Sunday, October 29, 2023

“Are you happy?”

So the four of us were part of a family panel this weekend for a family advocacy training (that I completed myself 14 years ago). The boys were part of the panel last year, with dad and I offering clarification from the back of the room; because of that, we were invited to be a part of the panel this year. I wondered how much my guys understood the importance and impact of their presentation and was frankly irritated with them both for what I felt was their lack of seriousness in preparation.

They showed me up, but I get ahead of myself.

Their presentations ran like last year. Elder explained some of the changes over the past year, but assured his listeners he was looking for a competitive full time job.  I bit the inside of my mouth, thinking of how all his discretionary time and energy is expended. Hubby’s thoughtful insight reminded me of all the stuff I didn’t do while I was in the throes of fighting for, getting, and maintaining services and supports back in the day.

Self-care. It’s still a new concept to me.

Elder floored me with his assessments of where he saw himself in 5-10 years….with a full time job, hopefully married, hopefully starting a family “but, he added quickly, “in case none of that works out, I know I don’t want to be alone, so at least I have my parents and [younger brother].

That was like a throat punch. Time isn’t flowing as fast from him as it is his parents.

It was a good conversation between the families, among the parents.

One mom asked, “Are you happy? That’s one of the things that keeps me up at night.”

Me too, ma’am, me too.

I wasn’t prepared for both my guys leaning forward in their seats, eager to answer. I was less prepared for their answers.

“Yes, yes, absolutely yes.” 

I could feel her relief. And I felt my own.

Life’s not perfect, but I think we as parents can all agree that the one thing we wish for our kids is to be happy.

I will keep wishing for that.



Monday, October 23, 2023

Unchained

 Today was the best day I’ve had in a very long time.

Maybe it has something to do with last week being the best week I’ve had in a long while. Maybe because today was a beautiful day. Maybe because the weekend was a beautiful weekend.

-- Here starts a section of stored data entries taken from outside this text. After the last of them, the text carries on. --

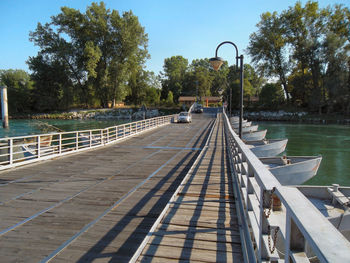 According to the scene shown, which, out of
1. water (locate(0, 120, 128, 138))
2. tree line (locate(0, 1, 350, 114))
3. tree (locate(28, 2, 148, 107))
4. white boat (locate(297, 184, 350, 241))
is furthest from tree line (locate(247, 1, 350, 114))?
white boat (locate(297, 184, 350, 241))

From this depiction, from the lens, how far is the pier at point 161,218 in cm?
194

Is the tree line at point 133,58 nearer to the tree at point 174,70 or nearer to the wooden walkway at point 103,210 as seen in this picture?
the tree at point 174,70

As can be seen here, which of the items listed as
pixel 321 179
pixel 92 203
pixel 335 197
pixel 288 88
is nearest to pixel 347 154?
pixel 321 179

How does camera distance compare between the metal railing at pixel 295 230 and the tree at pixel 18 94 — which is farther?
the tree at pixel 18 94

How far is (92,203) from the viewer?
5.86 m

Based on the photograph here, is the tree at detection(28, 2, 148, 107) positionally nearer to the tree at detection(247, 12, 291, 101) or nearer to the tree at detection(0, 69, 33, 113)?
the tree at detection(0, 69, 33, 113)

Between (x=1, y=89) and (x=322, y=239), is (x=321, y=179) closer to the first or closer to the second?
(x=322, y=239)

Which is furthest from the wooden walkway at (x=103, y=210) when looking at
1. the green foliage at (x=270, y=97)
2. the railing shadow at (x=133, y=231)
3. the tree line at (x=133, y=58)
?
the green foliage at (x=270, y=97)

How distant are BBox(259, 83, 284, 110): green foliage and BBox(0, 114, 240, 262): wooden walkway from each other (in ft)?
204

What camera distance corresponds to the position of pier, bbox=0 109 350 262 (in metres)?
1.94

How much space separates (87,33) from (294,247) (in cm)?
7181

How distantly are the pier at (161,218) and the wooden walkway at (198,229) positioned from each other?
1 centimetres

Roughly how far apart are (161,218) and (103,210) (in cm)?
170

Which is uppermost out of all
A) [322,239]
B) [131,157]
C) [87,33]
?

Maybe it’s because I am finally at peace with the things I can’t fix, change, or control. And maybe, just maybe, I’m finally feeling good enough about myself to take chances.

Like yesterday I stood up in the back of a dragon boat for the first time, learning to steer. It didn’t go great, but I didn’t crash us or fall in, either.

I’m doing a story slam in two weeks. I’ve always wanted to try that.

Hubby and I had a night out on the town with another couple—and had a blast.

And, we’re making inroads into our next chapters with the boys.

There are a lot of great things happening.